Using the records that follow, reproduce exactly the lines starting at the line containing "(영문도서) RED LETTER" and ending at the line containing "Motion and Simple". Include both end lines and no pictures.

Records:
<<<<

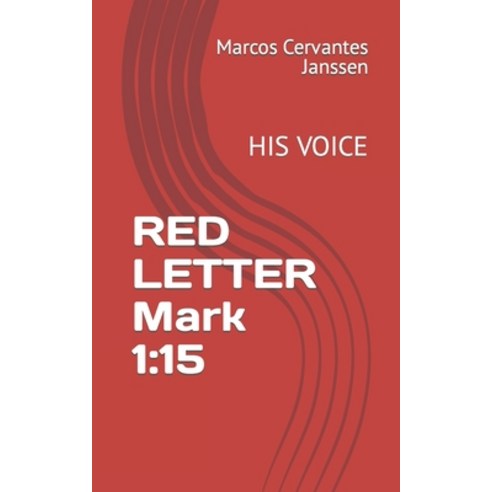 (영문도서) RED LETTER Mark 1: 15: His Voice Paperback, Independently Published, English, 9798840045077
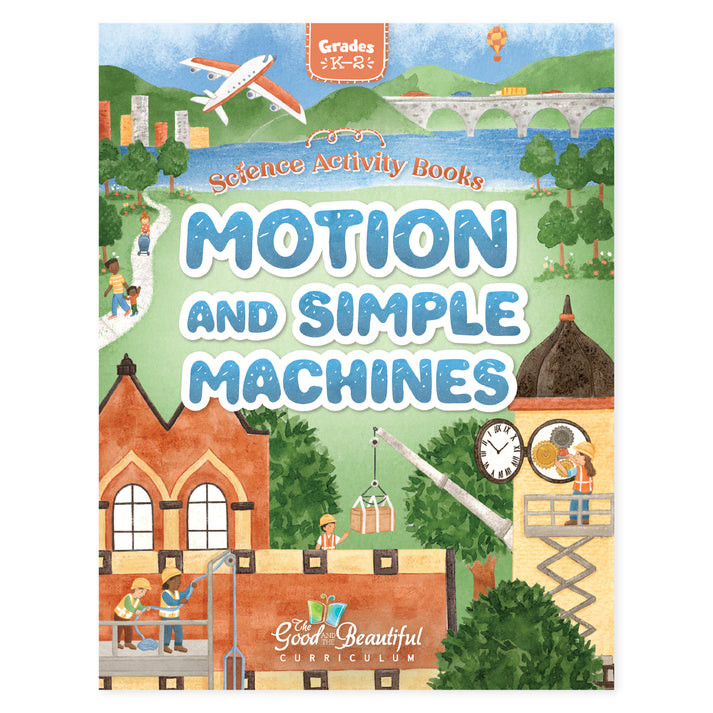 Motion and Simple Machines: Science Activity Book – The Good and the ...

>>>>
<<<<

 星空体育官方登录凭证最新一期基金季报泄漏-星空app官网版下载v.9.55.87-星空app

>>>>

Completed task:
 (영문도서) RED LETTER Mark 1: 15: His Voice Paperback, Independently Published, English, 9798840045077
 Motion and Simple Machines: Science Activity Book – The Good and the ...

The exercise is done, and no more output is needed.